PROBLEM DETAILS
Transcribe the line holding "Postkarten: Postal anterior" together with every line after it, through the end of the records, exactly and with no pictures.

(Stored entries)
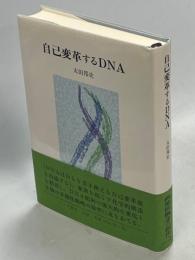 自己変革するDNA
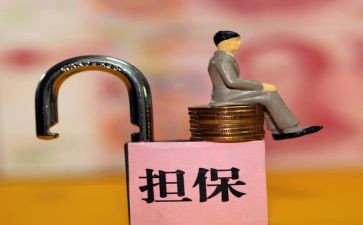 不保全申请书6篇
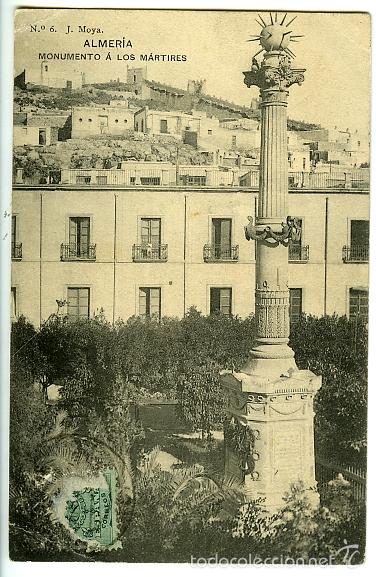 Postkarten: Postal anterior a la Guerra 9 x 14 cm Almer&iacute;a. Monumento a los M&aacute;rtires. N&ordm; 6 J Moya. Hauser y Menet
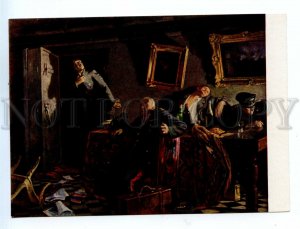 533075 USSR Kukryniksy end of Hitler reassessment of 1961 Soviet artist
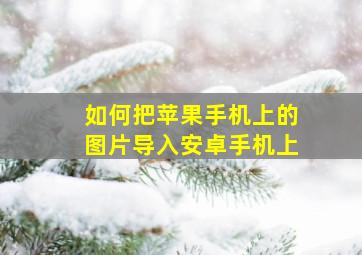 如何把苹果手机上的图片导入安卓手机上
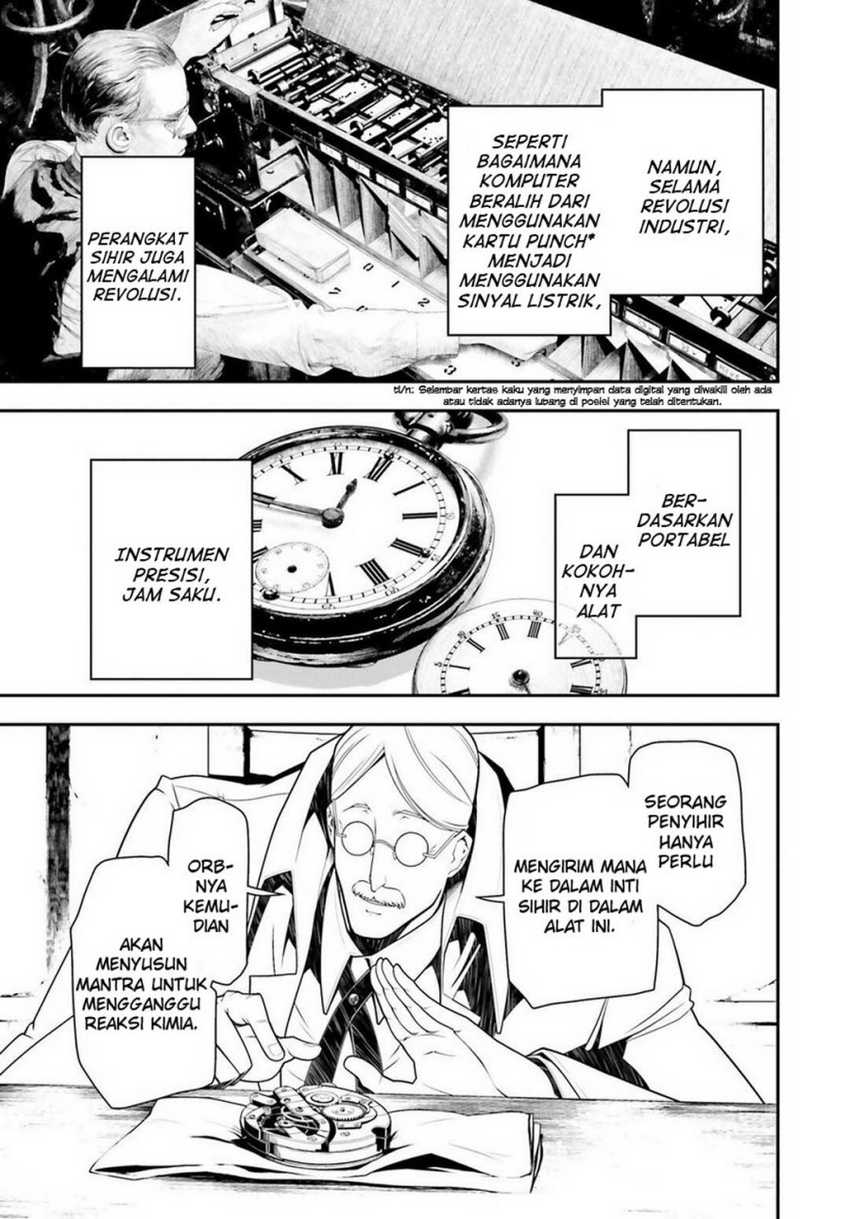 Youjo Senki Chapter 25.1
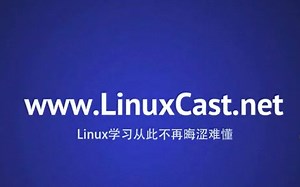 Linux零基础入门视频教程(CentOS)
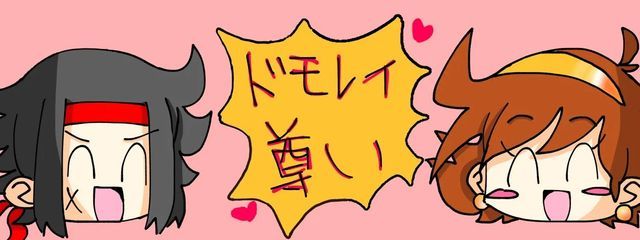 ZP @ 活休中さんの壁紙画像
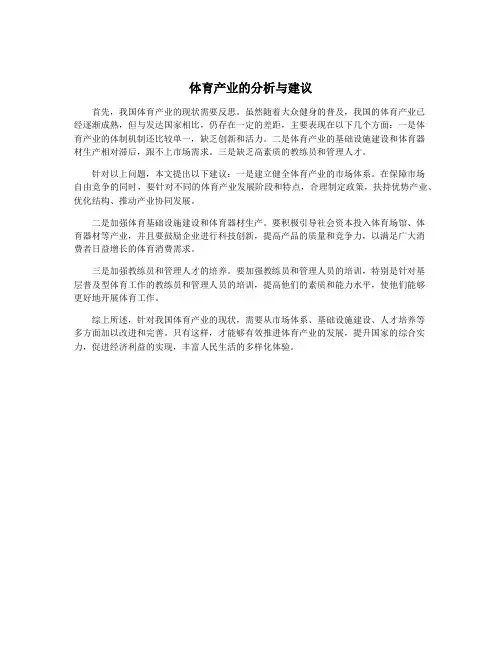 体育产业的分析与建议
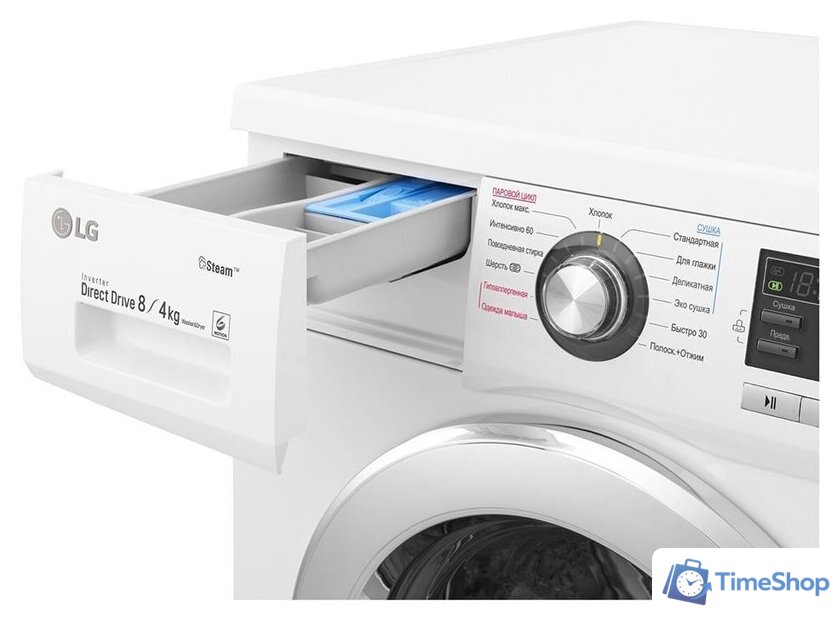 Стирально-сушильная машина LG F1496ADS3 - Изображение №8 — Интернет-магазин Time-Shop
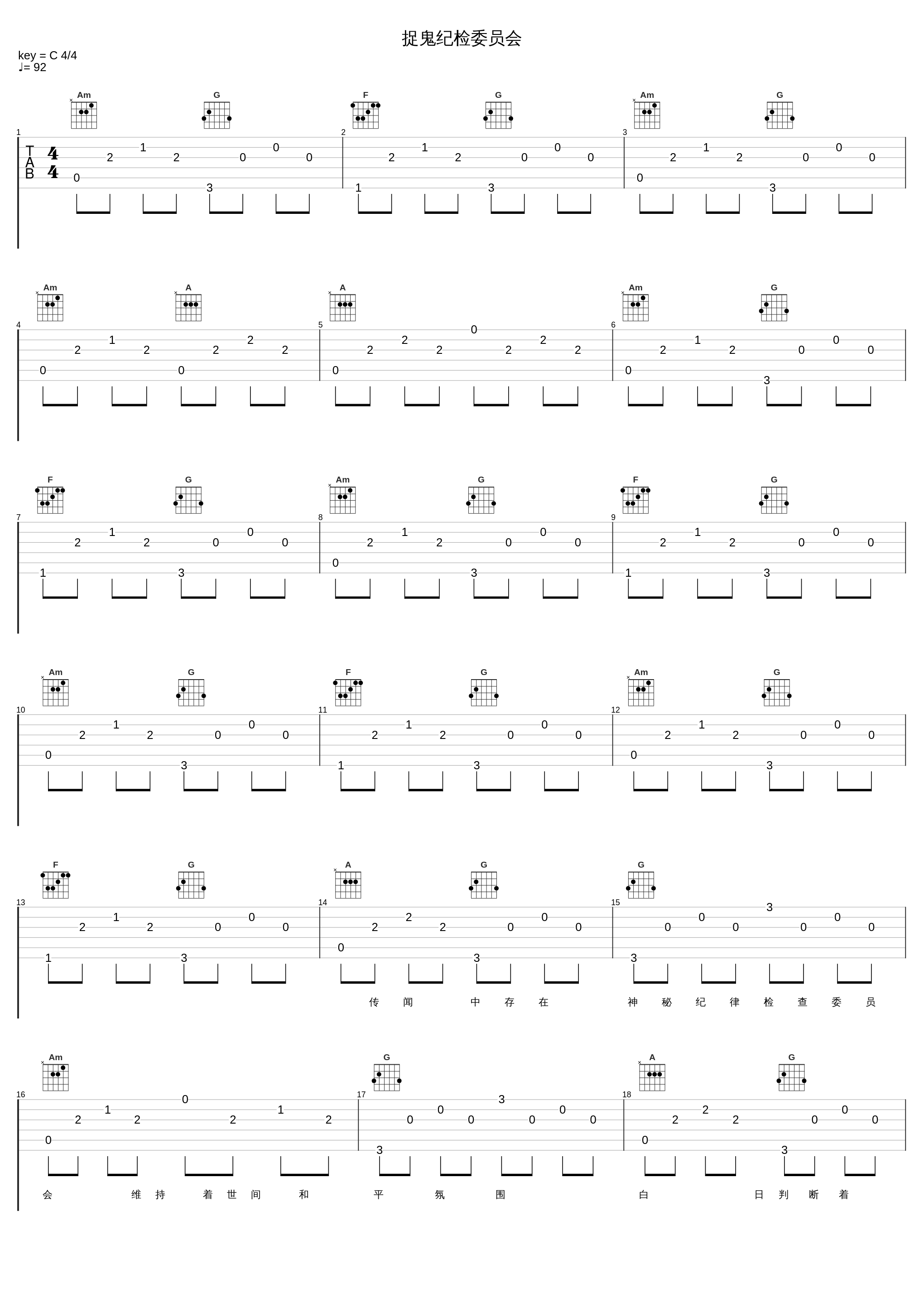 捉鬼纪检委员会_洛天依_1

RESULT
 Postkarten: Postal anterior a la Guerra 9 x 14 cm Almer&iacute;a. Monumento a los M&aacute;rtires. N&ordm; 6 J Moya. Hauser y Menet
 533075 USSR Kukryniksy end of Hitler reassessment of 1961 Soviet artist
 如何把苹果手机上的图片导入安卓手机上
 Youjo Senki Chapter 25.1
 Linux零基础入门视频教程(CentOS)
 ZP @ 活休中さんの壁紙画像
 体育产业的分析与建议
 Стирально-сушильная машина LG F1496ADS3 - Изображение №8 — Интернет-магазин Time-Shop
 捉鬼纪检委员会_洛天依_1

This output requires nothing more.